Anna shook her head. “This isn’t making sense. Tom likes girls but he goes for the petite dark-haired ones.”
“I’ve seen this one before.” Garrett closed his eyes and rifled through his memories. The girl’s face came to him like a series of photographs and he sought Anna’s gaze again. “At the mall and on the street where we found Tom. She’s one of the girls you chased off.”
Anna reacted visibly, a look of horror spreading over her fine features. “No,” she whispered. “It can’t be Cassie.”
“Would Cassie show at a basketball game?” he pursued, holding Anna tighter when her muscles tensed and she apparently readied herself to fly off in search of the teen. “Don’t,” he warned. “You can’t help them by jumping in this time.”
Anna went still. “Yes,” she replied, her voice flat. “Cassie would come to a basketball game. She’s a social girl, knows everyone, likes to hang out with friends. I’m pretty sure she drinks but she stays away from drugs. She wouldn’t even be Tom’s first choice of a backup date.” Anna closed her eyes briefly before opening them to lock on his. “Tom’s using her, isn’t he?”
Garrett kissed Anna on the forehead, as much for comfort as for cover. “We’ll sort it out, Anna. Maybe we can stop it before— Damn it!” he muttered when he spotted another anomaly.
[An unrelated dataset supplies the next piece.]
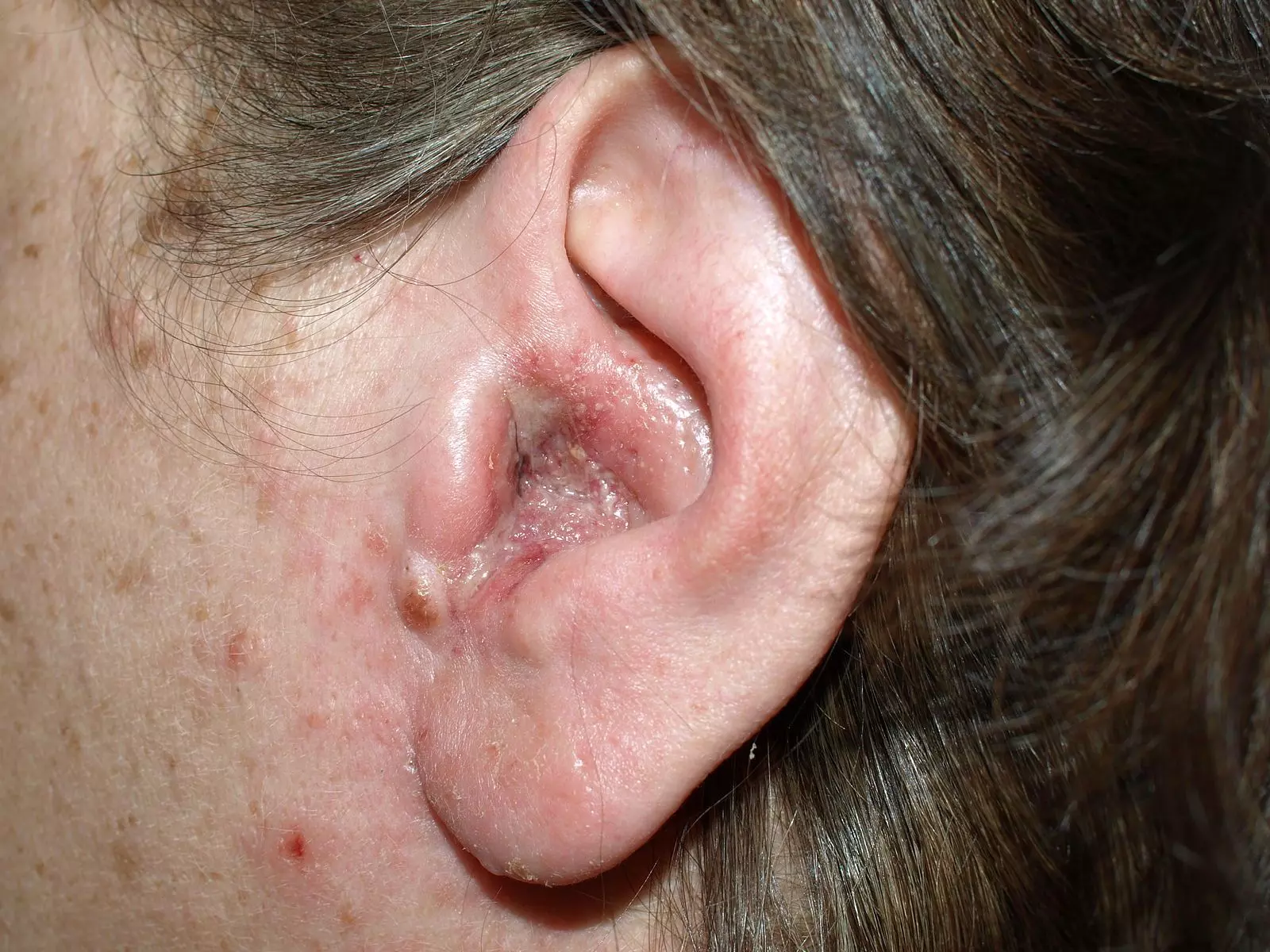Otitis Externa SimpleMed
In a casual movement, he kept his arm draped on Anna’s shoulders, steering them both into the crowd and toward the door.
“James, tell me what’s going on.”
“Local undercover—on the job and on the hunt,” he murmured in her ear as they crossed the threshold. “Time for us to move. Tom and the girl went this way.”
“The police? How do you know that?” she asked as they walked.
“I know,” he assured her.
The undercover cop was going to be a problem, Garrett mused. There was no way to use her and no way to lose her, and no way was he going to blow her cover. And, he realized with a sinking feeling, anything he did that drew attention to him would end up in an official report somewhere down the line. So much for hiding in plain sight. He needed a new plan.
For now, though, he needed backup. Or rather Anna did. Garrett slowed his steps, lingered near the entrance as other people dodged them to enter the gymnasium. He pulled Anna to the side of the throng, pushing her up against the brick wall. He felt like a horny teenager and could only hope they didn’t stand out too much as he bent to gently capture her lips.
“Got your cell phone?” he asked against Anna’s mouth, continuing to nip playfully.
“Umm-hmmm,” she answered, with a combination of sigh and moan that made Garrett long to scrap his self-appointed mission and drag the woman in his arms off to a dark corner.
Instead, he pressed his hands on the wall to either side of Anna’s face while he nuzzled her beneath one ear and began to whisper instructions. “After we get seated, take out your phone, set it on vibrate, check your text messages. Act as though you got one but don’t be obvious–just keep it casual and normal. Then you text ‘back,’ to your friend, Keith…or your brother…or both. You text that Tom is dealing and tell them they should alert the local cops to that fact. Then you put the phone away and you pretend to enjoy the evening, and you stay the hell out of anything that happens.”
Anna pulled back abruptly and stared at him. She opened her mouth and drew a breath but whatever she was going to say, he stopped her with two fingers on her lips.
Looking forcefully into her eyes, Garrett said, “Just do it.”